Add support for the xAI Realtime Voice Agent (grok-voice-think-fast-1.0) to OpenClaw's /voiceclaw/realtime gateway surface, implemented as a shared OpenAIRealtimeProtocolAdapter that can also serve OpenAI Realtime (issue #71195) when added.

xAI's Voice Agent API is OpenAI-Realtime-protocol-compatible (verbatim from xAI docs: "compatible with the OpenAI Realtime API. Most OpenAI client libraries and SDKs work with the xAI endpoint by changing the base URL"), so a single protocol adapter can serve both providers via parameterization.

Motivation

  • xAI Realtime is GA with grok-voice-think-fast-1.0 as the flagship "think fast" voice model. The Voice Agent API is documented at https://docs.x.ai/developers/model-capabilities/audio/voice-agent and uses the OpenAI-Realtime protocol with minor wire deltas.
  • OpenClaw already has the right surface/voiceclaw/realtime (added in #70938), the VoiceClawRealtimeAdapter interface, and the provider field in VoiceClawSessionConfigEvent types — but the only wired adapter today is gemini-live.ts.
  • Shared work with #71195 — issue #71195 requests OpenAI Realtime in /voiceclaw/realtime. Because xAI's API is OpenAI-Realtime-protocol-compatible, a shared OpenAIRealtimeProtocolAdapter base class would address both providers with one body of code, parameterized by URL / model defaults / voices / a small event-name override table.
  • Community signal — issue #12911 also requests Grok voice integration (in the web chat / Live Voice Mode). This proposal addresses the gateway-level capability that would unblock that and similar use cases.
  • Real adopter — a downstream private-AI-operator project is targeting /voiceclaw/realtime with provider: "xai" as its primary realtime voice route, preserving the credential boundary by keeping the xAI key inside OpenClaw's gateway environment. Downstream adopters are interested in driving this if maintainers are open to the design.

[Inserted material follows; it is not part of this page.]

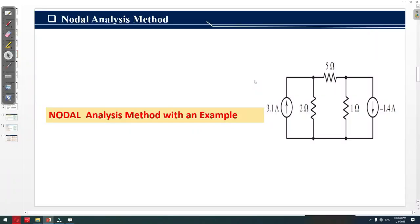In this video we take an example and apply the nodal analysis method.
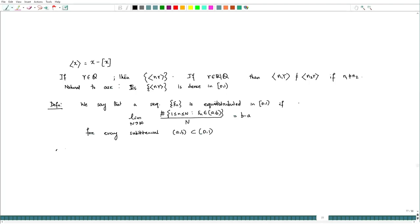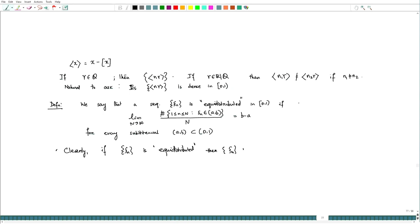Clearly, if {ξₙ} is equidistributed, then {ξₙ} is dense. This is obvious because there will always be at least one ξₙ in every sub-interval [a,b], so it is automatically dense. However, equidistribution is much more than just density — there can be sequences which are dense but not equidistributed.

If maintainers prefer a smaller first PR, the initial implementation can target xAI only, with the shared adapter structured so OpenAI Realtime support can follow without duplicating protocol code.

Proposed design

New files

  • src/gateway/voiceclaw-realtime/openai-realtime-protocol.ts — shared OpenAIRealtimeProtocolAdapter base class implementing VoiceClawRealtimeAdapter against the OpenAI-Realtime wire protocol. Parameterized by:
    • Default WebSocket base URL
    • Default model ID
    • Available voices
    • Event-name override table (xAI's response.text.delta vs OpenAI's response.output_text.delta; xAI's user-transcription event shape vs OpenAI's split events)
  • src/gateway/voiceclaw-realtime/xai-realtime.tsVoiceClawXaiRealtimeAdapter extends the shared base with xAI-specific defaults:
    • Base URL: wss://api.x.ai/v1/realtime?model=<model-id>
    • Default model: grok-voice-think-fast-1.0
    • Available voices: eve, ara, rex, sal, leo (all five supported; per-session override via session.config.voice)
    • Event-name overrides per the xAI docs

Modified files

  • src/gateway/voiceclaw-realtime/types.ts — add "xai" to VoiceClawSessionConfigEvent.provider union (one-line change).
  • src/gateway/voiceclaw-realtime/session.ts — extend the adapter factory so provider === "xai" instantiates VoiceClawXaiRealtimeAdapter.
  • docs/gateway/index.md — document xAI as a /voiceclaw/realtime brain provider; required env var XAI_API_KEY.
  • docs/providers/xai.md — note realtime full-duplex support; cross-link to gateway index.

Configuration shape

Operator config:

{
  "voiceclaw-realtime": {
    "default_provider": "xai",
    "xai": {
      "model": "grok-voice-think-fast-1.0",
      "voice": "ara",
      "audio_format": "audio/pcm",
      "sample_rate_hz": 24000,
      "vad": {
        "type": "server_vad",
        "threshold": 0.5,
        "silence_duration_ms": 500
      }
    }
  }
}

Plus env: XAI_API_KEY set in the gateway process environment. Optional follow-up: if maintainers prefer file-based secret loading, support an XAI_API_KEY_FILE pattern.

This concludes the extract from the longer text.